In contrast to the strand-specific nicks observed in the OriH region, a similar phenomenon is not observed at OriL. This difference is explained by the strand displacement mode of mtDNA replication, which states that H-strand DNA synthesis precedes and is required for OriL activation. When DNA synthesis initiated at OriL reaches a nick in the H-strand, a double-stranded break is formed, causing the linear fragment. Therefore, L-strand DNA synthesis events initiated on a template with a nick in the H-strand will not go full circle, which is required for nick formation near OriL. Furthermore, in the more unlikely event that a molecule with a nick in the L-strand near OriL is formed, it cannot be used as a template for subsequent rounds of mtDNA replication. On this nicked template, DNA synthesis initiated at OriH will generate a double-stranded break at OriL. DNA synthesis will be terminated and no mtDNA daughter molecules will be formed (Supplementary Fig. 7).

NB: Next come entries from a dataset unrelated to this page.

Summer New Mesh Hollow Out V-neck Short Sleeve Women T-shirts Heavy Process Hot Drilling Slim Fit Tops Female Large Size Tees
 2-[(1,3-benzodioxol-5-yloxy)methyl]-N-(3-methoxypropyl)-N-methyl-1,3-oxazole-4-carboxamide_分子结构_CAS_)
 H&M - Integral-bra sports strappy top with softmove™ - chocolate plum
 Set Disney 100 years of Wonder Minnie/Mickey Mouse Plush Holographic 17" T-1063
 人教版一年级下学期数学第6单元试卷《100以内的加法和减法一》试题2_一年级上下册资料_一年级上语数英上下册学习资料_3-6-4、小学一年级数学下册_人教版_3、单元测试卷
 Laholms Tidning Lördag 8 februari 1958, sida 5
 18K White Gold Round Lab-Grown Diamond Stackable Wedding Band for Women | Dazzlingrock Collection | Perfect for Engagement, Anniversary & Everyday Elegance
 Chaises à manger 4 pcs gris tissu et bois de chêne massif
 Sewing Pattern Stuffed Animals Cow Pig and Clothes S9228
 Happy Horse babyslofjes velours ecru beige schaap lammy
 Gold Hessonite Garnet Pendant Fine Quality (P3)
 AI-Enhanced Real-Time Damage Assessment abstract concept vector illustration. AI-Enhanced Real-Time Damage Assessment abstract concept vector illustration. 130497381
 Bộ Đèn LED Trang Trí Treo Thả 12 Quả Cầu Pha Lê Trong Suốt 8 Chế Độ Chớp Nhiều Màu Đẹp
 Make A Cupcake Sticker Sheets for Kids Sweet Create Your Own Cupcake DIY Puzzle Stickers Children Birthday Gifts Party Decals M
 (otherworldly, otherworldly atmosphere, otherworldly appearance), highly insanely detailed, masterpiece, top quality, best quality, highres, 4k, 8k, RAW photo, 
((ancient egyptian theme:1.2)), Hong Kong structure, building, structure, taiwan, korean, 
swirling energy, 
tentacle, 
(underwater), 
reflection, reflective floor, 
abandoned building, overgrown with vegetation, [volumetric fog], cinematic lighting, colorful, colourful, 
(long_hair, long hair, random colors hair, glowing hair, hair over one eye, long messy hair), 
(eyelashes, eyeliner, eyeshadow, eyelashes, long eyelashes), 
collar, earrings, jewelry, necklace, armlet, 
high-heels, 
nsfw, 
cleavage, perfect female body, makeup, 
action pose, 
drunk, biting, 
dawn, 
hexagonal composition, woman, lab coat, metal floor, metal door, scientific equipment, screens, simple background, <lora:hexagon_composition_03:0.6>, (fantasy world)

We here characterize disease-causing POLγA mutations that impair exonuclease activity35. In our work, we characterized seven mutations and found that three of these (G303R, L304R and S305R) abolished exonuclease activity and impaired ligation as a result of unchecked strand-displacement activity. The mutations map downstream of the exonuclease motif II in the amino-terminal region of POLγA, which forms part of a highly conserved DNA-binding channel36. Interestingly, we also identified one mutant (R232H) with markedly increased exonuclease activity, which resulted in the opposite molecular phenotypes, that is, reduced strand-displacement activity and more efficient formation of ligatable ends.
EXO- POLγ does not have a dominant-negative function and ligation is still possible in the presence of WT POLγ in vitro (Supplementary Fig. 6). Furthermore, this observation may also explain why patients with these mutations lack linear deletions, since nearly all patients with mutations in the exonuclease domain are heterozygous, the only exception being patients homozygous for the L304R mutation37. Compared with the EXO- mutation, L304R has relatively low polymerase activity and very limited strand-displacement activity (Figs 3d and 4b). The reduced processivity may prevent L304R from performing excessive strand displacement and instead stall within a few nucleotides of entering duplex DNA. In effect, the reduced POLγ processivity therefore prevents the generation of long, non-ligatable DNA flaps. The reduced POLγ processivity also helps to explain the depletion of mtDNA observed in these patients37.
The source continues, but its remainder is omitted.